(Stored items)

········

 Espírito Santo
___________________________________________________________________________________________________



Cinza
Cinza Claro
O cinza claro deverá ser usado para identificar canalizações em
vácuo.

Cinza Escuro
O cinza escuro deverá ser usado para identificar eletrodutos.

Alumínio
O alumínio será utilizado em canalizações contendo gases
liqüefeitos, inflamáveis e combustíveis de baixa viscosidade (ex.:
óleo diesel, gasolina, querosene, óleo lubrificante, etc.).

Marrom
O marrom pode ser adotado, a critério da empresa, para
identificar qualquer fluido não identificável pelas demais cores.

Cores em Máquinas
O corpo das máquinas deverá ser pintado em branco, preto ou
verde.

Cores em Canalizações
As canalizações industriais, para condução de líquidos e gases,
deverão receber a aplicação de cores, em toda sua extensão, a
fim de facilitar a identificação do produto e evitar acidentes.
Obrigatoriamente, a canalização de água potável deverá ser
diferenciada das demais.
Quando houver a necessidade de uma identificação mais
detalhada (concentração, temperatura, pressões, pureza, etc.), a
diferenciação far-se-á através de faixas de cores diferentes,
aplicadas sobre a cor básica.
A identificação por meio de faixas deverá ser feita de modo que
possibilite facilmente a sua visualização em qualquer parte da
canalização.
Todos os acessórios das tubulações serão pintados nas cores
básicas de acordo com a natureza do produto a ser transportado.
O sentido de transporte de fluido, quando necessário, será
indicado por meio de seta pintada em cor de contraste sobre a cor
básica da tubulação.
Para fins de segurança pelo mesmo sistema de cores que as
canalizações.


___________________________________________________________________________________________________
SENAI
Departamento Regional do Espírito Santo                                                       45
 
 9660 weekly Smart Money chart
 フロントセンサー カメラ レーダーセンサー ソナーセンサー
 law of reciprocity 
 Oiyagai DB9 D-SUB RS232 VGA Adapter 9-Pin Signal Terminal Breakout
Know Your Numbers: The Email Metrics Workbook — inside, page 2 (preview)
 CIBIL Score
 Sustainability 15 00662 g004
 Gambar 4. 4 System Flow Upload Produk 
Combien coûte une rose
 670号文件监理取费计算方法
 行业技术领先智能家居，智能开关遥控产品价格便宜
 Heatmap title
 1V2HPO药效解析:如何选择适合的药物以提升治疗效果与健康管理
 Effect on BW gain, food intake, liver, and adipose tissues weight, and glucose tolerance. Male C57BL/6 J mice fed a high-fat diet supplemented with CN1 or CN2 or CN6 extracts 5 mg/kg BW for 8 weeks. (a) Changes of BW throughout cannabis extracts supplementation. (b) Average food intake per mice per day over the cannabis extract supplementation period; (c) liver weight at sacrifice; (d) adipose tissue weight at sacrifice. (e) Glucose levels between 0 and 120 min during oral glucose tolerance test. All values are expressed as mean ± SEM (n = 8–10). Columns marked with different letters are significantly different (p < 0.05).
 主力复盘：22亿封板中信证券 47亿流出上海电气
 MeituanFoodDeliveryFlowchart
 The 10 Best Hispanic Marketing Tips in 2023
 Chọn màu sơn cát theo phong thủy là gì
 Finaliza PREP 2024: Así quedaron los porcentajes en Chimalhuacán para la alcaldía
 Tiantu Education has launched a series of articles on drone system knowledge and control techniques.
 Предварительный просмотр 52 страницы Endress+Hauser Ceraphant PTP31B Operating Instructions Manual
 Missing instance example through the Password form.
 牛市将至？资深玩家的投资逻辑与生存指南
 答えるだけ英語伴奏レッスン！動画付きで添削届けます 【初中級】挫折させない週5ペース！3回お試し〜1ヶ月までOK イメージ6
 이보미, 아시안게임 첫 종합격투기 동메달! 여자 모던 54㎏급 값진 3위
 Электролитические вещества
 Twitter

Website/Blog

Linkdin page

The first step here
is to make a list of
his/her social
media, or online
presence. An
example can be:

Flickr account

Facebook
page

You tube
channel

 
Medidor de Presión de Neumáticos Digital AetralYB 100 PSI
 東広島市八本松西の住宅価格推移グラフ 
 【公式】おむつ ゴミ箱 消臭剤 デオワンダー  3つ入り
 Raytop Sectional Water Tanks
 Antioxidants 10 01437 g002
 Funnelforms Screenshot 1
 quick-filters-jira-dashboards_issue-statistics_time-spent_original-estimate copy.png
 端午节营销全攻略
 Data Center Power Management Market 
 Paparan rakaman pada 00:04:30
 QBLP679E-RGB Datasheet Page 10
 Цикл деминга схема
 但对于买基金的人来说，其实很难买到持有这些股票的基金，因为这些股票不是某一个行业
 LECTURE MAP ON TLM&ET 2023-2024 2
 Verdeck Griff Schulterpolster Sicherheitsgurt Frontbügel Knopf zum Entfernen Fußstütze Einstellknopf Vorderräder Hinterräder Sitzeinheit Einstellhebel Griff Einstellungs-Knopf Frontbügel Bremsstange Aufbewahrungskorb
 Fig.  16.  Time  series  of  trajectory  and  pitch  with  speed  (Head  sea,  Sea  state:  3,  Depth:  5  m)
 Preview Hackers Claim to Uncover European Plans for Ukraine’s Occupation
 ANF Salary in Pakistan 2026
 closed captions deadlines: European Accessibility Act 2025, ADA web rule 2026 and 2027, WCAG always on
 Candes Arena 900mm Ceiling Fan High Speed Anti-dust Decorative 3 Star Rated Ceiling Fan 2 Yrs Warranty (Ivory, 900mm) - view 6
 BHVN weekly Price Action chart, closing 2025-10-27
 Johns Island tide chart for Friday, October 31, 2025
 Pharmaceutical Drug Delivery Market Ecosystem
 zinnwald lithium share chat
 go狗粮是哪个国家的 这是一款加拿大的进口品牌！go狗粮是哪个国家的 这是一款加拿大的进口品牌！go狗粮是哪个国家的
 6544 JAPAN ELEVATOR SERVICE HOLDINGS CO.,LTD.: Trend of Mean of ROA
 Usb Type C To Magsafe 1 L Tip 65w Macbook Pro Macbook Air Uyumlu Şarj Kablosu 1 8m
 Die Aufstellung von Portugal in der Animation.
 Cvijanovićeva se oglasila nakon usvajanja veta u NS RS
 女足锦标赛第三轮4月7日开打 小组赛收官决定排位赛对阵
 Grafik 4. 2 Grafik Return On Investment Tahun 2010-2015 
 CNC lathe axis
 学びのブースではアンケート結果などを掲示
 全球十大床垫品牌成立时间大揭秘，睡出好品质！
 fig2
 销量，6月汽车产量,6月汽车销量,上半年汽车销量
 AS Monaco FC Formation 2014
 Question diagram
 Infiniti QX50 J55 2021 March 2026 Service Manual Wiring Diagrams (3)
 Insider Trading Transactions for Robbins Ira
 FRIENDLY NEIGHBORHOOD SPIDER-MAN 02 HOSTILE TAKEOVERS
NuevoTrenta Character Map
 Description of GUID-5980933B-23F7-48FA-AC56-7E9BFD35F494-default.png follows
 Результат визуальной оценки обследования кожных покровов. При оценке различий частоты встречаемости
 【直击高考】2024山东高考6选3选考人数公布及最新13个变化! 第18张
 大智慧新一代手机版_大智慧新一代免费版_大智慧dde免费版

········

=== WHAT YOU NEED TO DO ===
Reproduce, exactly as they stand in the data above, the lines from the one that holds "Combien coûte une rose" to the one that holds "1V2HPO药效解析:如何选择适合的药物以提升治疗效果与健康管理", inclusive.

=== COMPLETED TASK ===
Combien coûte une rose
 670号文件监理取费计算方法
 行业技术领先智能家居，智能开关遥控产品价格便宜
 Heatmap title
 1V2HPO药效解析:如何选择适合的药物以提升治疗效果与健康管理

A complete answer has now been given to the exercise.